Tonbridge (2) 2 Tyne 24 Westcott 45
Boreham Wood (1) 2 Bangura 40 Thomas 65
Att. 392

Entrance: £8
Programme: £2
Mileage: 26/3,791

I said to my mate this afternoon, "I know that nobody is too good to go down, but we really are too good to go down". But it is the damned inconsistency at the moment that is going to drive us right to the edge if we are not careful. Look at the table before today's games, nine points separated Hastings next to bottom from Staines in 6th, in theory three straight wins. Tonbridge have had three straight wins twice this season but only one of the six games was a League match. Today we could not even be consistent for 90 minutes. The dominance we held and the chances that went begging should have had us home and hosed by half time. With both wingers, but Westcott in particular, causing havoc on the flanks and Tyne having an outstanding 45 minutes there should have been more than a goal between the sides. But where did we go in the second half? True enough we gave it a go in the last 10 minutes but by then the momentum had gone and the damage had been done. I hope Tommy Warrilow knows the answer to this one (inconsistency), because I sure as hell don't. But then he is paid to manage Tonbridge, I pay to get in!!

Wednesday, 2 January 2008

Leyton Orient 0 Gillingham 0

Match 43/07/660 - Tuesday, 1st January 2008 - League One

Leyton Orient (0) 0
Gillingham (0) 0
Att. 5,369

Entrance: £20
Programme: £3
Mileage: 116/3,765

Match Report

As goalless draws go an entertaining encounter in which Gillingham confirmed their much improved form over the Christmas period. Five points from a possible nine is a good return against three teams all occupying lofty positions in the League One table.

Solid at the back, despite making a couple of good saves, Simon Royce was not called upon to produce one his heroic performances, and full of running in midfield, Gillingham had the game within their control for the most part. The downside at present is upfront where goals would appear to be hard-come-by. Mulligan and Facey worked hard enough but they do not seem have goals in them as a partnership. An increased bid for Forest Green Rovers striker Stuart Fleetwood has been reported.

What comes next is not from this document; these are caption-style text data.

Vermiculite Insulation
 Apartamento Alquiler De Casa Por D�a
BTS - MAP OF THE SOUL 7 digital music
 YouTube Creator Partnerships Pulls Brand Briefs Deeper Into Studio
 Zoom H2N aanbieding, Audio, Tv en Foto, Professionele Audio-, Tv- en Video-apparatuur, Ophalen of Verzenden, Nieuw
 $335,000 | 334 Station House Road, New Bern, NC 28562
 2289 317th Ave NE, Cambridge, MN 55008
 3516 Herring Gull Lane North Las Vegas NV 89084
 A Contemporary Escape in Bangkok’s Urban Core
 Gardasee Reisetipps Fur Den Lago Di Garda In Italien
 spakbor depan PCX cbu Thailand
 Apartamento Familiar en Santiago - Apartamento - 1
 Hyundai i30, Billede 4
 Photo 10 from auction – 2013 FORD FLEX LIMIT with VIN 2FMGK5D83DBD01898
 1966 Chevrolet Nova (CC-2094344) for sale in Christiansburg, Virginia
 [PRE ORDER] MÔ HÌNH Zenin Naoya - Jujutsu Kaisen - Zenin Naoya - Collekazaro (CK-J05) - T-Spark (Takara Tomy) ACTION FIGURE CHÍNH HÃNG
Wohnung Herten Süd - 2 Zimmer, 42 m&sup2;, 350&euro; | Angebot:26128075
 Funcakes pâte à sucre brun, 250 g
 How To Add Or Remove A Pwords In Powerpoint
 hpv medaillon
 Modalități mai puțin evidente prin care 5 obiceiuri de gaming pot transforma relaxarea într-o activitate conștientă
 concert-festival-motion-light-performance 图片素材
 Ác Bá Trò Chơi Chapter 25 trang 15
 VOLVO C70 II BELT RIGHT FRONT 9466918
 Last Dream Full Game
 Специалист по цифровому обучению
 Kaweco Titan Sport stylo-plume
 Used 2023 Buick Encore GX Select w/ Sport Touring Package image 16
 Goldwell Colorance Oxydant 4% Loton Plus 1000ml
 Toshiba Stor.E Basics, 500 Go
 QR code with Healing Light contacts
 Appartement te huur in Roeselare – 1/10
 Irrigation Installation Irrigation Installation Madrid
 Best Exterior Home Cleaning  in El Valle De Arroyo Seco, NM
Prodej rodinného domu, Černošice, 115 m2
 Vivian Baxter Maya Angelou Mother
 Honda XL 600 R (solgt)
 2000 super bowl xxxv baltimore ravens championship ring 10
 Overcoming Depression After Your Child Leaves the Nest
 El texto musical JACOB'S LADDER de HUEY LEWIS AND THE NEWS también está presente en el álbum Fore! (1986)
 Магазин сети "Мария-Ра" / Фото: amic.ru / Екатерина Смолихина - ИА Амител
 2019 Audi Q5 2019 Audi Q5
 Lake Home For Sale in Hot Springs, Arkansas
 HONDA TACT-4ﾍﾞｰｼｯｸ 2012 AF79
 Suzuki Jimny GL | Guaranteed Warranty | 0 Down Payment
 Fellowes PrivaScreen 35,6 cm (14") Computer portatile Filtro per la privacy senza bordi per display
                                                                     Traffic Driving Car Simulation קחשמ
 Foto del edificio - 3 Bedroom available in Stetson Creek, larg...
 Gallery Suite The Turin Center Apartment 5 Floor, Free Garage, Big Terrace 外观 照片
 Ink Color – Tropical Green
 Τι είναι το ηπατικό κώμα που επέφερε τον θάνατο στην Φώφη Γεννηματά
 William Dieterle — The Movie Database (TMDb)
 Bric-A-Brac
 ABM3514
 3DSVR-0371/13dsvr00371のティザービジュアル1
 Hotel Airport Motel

Mark Stimson’s fitness regime seems to be bearing fruit as they finished the game at Brisbane Road the stronger of the sides and this has happened in all three of the Christmas fixtures.

A nice fixture to have on New Year’s Day attracted a substantial away following of nearly a thousand and they gave plenty of encouragement to their favourites. A second away win still eludes Gillingham but they are no longer the soft touch on the road of a couple of months ago.

The Olympics of 2012 may seem rather a long way off, but the site will become home to Leyton Orient following the Games. If nothing else it should afford some ease of parking which is a complete nightmare at Brisbane Road. The building of the blocks of apartments in each corner has afforded Orient the luxury of developing three of the sides and although the wooden seats are rather uncomfortable the old stand is functional. The main stand is rather an odd looking structure that looks better from the outside than in. What they do with that amount of office space is beyond my comprehension.

We enter 2008 with a bit of optimism that everything is moving in the right direction.